Jailtime Seems A Bit Harsh For Online Music Store Owners Who Didn't Get All The Right Licenses
from the why-not-just-make-them-pay-up? dept
Most readers here probably know the story of Allofmp3.com — a Russian website that signed a licensing deal with a Russian music licensing group ROMS. The site was immensely popular because (a) it sold un-DRM’d files (back before that was common) and (b) sold music incredibly cheaply. The recording industry should have taken this as a lesson in how to create a super popular online music store — but instead it freaked out, and nearly created an international diplomatic incident in threatening Russia with economic sanctions unless it shut the site down. The problem was that since it had the ROMS license, it was legal in Russia. In fact, Allofmp3.com even tried to pay the record labels some money — which they refused. The record labels, of course, insisted that the ROMS license wasn’t sufficient, but no Russian court ever agreed. Eventually the site was shut down, though it lives on at MP3Sparks. However, it’s lost a lot of steam because the site has been blocked from accepting most common forms of payment.

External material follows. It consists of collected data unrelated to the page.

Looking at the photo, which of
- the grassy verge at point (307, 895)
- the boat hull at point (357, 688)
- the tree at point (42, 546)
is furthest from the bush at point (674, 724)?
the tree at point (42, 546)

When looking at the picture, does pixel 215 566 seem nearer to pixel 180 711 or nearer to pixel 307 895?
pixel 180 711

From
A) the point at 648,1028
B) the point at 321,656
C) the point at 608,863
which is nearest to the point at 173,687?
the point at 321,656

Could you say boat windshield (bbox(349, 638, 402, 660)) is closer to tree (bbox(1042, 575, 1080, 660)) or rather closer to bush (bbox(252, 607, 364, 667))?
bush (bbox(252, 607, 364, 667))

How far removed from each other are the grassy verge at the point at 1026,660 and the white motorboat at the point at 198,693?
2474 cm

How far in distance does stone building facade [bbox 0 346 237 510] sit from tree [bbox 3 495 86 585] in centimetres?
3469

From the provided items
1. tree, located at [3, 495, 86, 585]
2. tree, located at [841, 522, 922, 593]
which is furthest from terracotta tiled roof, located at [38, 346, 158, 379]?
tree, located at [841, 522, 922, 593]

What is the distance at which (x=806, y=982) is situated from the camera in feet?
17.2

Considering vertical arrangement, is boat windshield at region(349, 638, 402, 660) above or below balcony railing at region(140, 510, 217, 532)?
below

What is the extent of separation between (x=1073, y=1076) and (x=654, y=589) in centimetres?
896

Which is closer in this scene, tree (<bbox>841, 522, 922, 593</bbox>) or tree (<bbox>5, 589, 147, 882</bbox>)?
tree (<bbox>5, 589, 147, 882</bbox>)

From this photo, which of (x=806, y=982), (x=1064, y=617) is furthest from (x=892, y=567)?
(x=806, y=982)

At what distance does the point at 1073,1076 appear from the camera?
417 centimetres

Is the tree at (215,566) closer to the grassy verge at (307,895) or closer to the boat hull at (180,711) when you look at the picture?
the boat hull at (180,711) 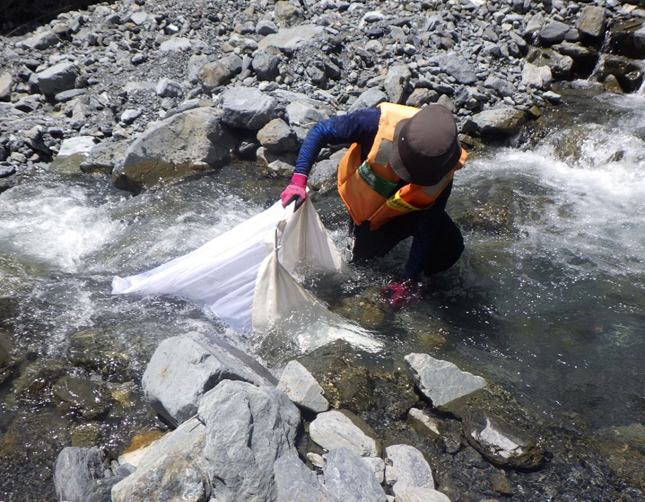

Law Professor Michael Scott points us to the news of what appears to be a similar offering in Italy — except that, in this case, the operators of the site have been sent to jail. The only news that I can find on this is from the IFPI site — which is obviously a bit biased, but it does look like the owners of the site did get a license from the Italian Authors’ Society (SIAE), which they believed was sufficient. A lower court agreed, but the appeals court has sided with the record labels.
But here’s the kicker: the operators of the site have now been sent to jail for criminal copyright infringement. Already I have problems with most criminal copyright infringement cases — because, by any reasonable standard, copyright is a civil dispute — it’s an issue between two businesses. In this case, it’s even more egregious because it seems clear that the site wasn’t just some random guy selling MP3s he had no right to, but had clearly tried to obtain the correct licenses. However, these days, when to do just about anything with music you need to get numerous different licenses (Peter Jenner, back at MidemNet, claimed that you needed 33 different permissions to do pretty much anything with music in Europe, though others disagreed), it seems fairly ridiculous to throw someone in jail for not being able to figure out every single party that has to sign off on something — especially when you were lead to believe that you had what you needed via the Authors’ Society.